To some extent, the author believes, this new darkness can be a positive development, if we will only acknowledge it. We need to understand that we are unable to understand if we are to regain the agency we require to move forward. We need to stop believing in technology without question and start questioning it instead. We need to think about every aspect of what we are doing.
Bridle, who is a visual artist as well as a writer and technologist, provides numerous examples of technology gone wrong, from rogue algorithms that create pornographic cartoons aimed at children on YouTube to growing surveillance here and abroad to the increasing threat of widespread automation.
Facebook is a timely and accessible example. Apart from the role it played in helping to make Trump president (see: Cambridge Analytica), apart from the role it continues to play in fostering turmoil, apart from the self-contained, reinforcing bubbles of “likes” it places its users in, thereby underscoring social and political division, Facebook has an addictive quality for many of its users which may be even more insidious. And, by its very nature, it encourages the superficial while discouraging concentrated thought.

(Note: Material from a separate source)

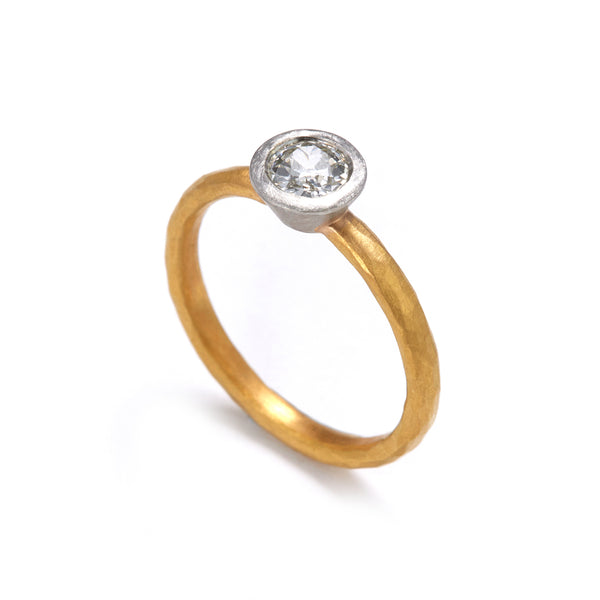 Gold and Platinum Old Cut Diamond  Ring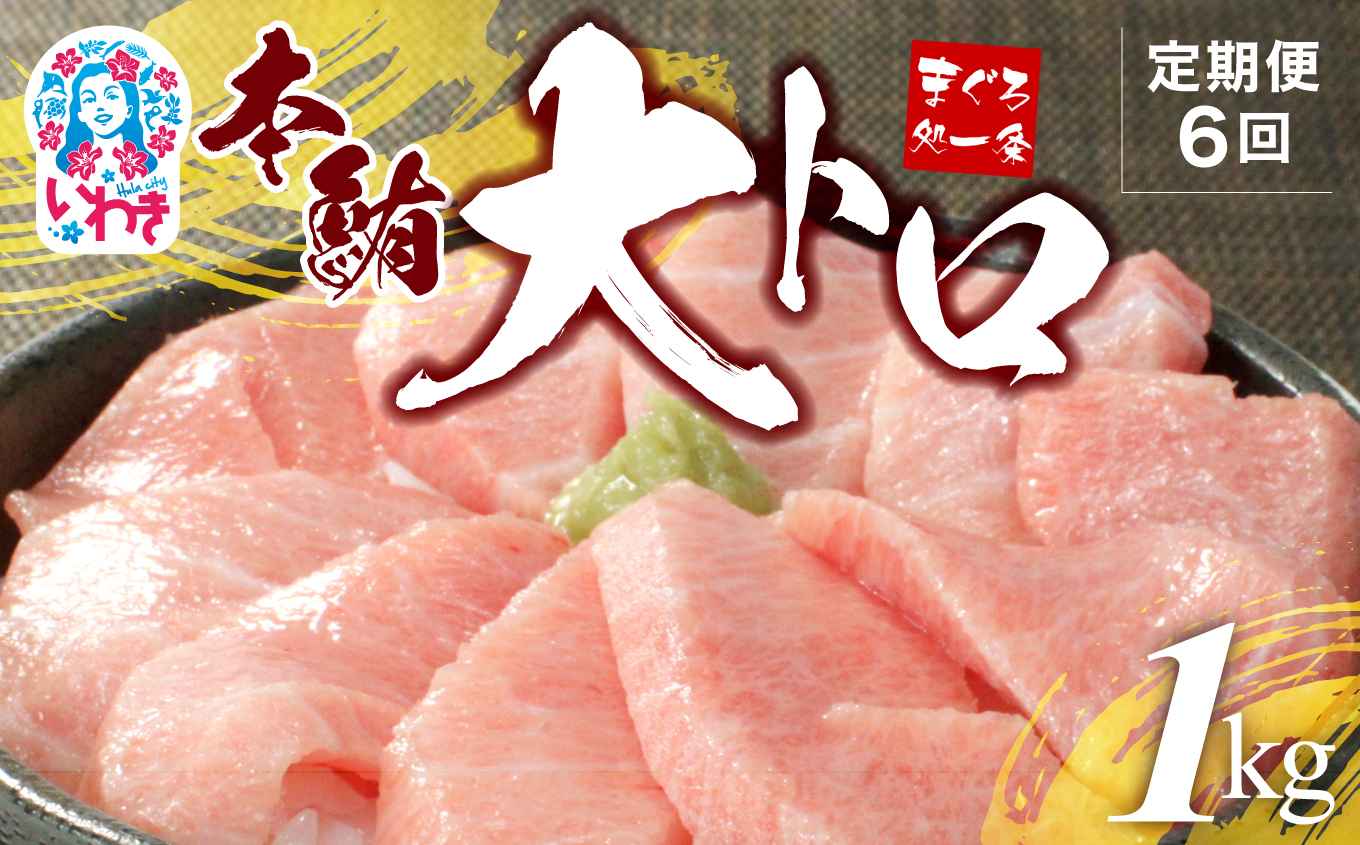 【定期便/計6回】本マグロ大トロずっしり1kg（計6kg）【DG004-t6】|いわき市 ふるさと納税 株式会社東日本貿易 鮪 本鮪 本まぐろ マグロ 大トロ 大とろ トロ とろ 刺し身 さしみ さかな 海鮮 寿司 解凍レシピ付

I still have a Facebook account, though I very seldom use it. Yet I have dear friends who practically live on the platform. My interactions with them on Facebook are akin to seeing them a block away in the city, headed in the other direction, and giving them a cursory wave. Facebook is distancing, despite its promise of making it easy to “keep in touch.” I will probably post a link to this review there, although it is essentially pointless, simply a habit because Medium makes it easy to do. Likewise with Twitter. If I take New Dark Age to heart, I’ll need to stop doing that.
(At least Medium attracts people interested in longer reads, though it’s not without its own issues.)
To sum up: if you’re feeling overwhelmed by life in general today, try to make time to read this book and, especially, to think about what you’ve read. It doesn’t provide many answers but it will help you view today’s problems from a different and more conscious perspective, which is certainly a step in the right direction.